**Exercise brief:**
Locate the line that contains "emergencial) e a" in the entries below, then repeat it and every following line through the line that contains "que se resolva", exactly, and no others.

**Supplied data:**
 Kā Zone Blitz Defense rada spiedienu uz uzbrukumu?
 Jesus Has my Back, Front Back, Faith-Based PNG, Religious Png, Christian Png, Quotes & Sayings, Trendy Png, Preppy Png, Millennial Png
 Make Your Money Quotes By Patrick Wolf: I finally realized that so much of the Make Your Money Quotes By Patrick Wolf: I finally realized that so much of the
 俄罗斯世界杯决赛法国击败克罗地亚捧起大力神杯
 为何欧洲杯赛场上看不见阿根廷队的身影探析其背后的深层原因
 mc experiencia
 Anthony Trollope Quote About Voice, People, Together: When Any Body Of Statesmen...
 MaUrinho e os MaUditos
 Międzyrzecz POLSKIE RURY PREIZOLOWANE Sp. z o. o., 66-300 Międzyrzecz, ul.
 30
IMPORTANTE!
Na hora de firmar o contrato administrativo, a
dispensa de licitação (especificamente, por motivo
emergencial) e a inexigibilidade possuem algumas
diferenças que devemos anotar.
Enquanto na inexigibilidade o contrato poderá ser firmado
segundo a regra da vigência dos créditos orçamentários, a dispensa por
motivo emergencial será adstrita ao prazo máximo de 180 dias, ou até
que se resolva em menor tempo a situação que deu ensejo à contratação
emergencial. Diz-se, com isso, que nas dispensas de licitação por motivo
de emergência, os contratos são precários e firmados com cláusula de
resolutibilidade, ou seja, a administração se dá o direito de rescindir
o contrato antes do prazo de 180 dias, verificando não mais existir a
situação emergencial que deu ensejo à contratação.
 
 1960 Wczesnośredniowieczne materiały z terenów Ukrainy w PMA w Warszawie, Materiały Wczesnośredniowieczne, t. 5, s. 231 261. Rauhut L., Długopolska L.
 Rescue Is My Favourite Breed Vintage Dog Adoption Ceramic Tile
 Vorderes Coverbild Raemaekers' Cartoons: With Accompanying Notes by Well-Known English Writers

**Result of the task:**
emergencial) e a inexigibilidade possuem algumas
diferenças que devemos anotar.
Enquanto na inexigibilidade o contrato poderá ser firmado
segundo a regra da vigência dos créditos orçamentários, a dispensa por
motivo emergencial será adstrita ao prazo máximo de 180 dias, ou até
que se resolva em menor tempo a situação que deu ensejo à contratação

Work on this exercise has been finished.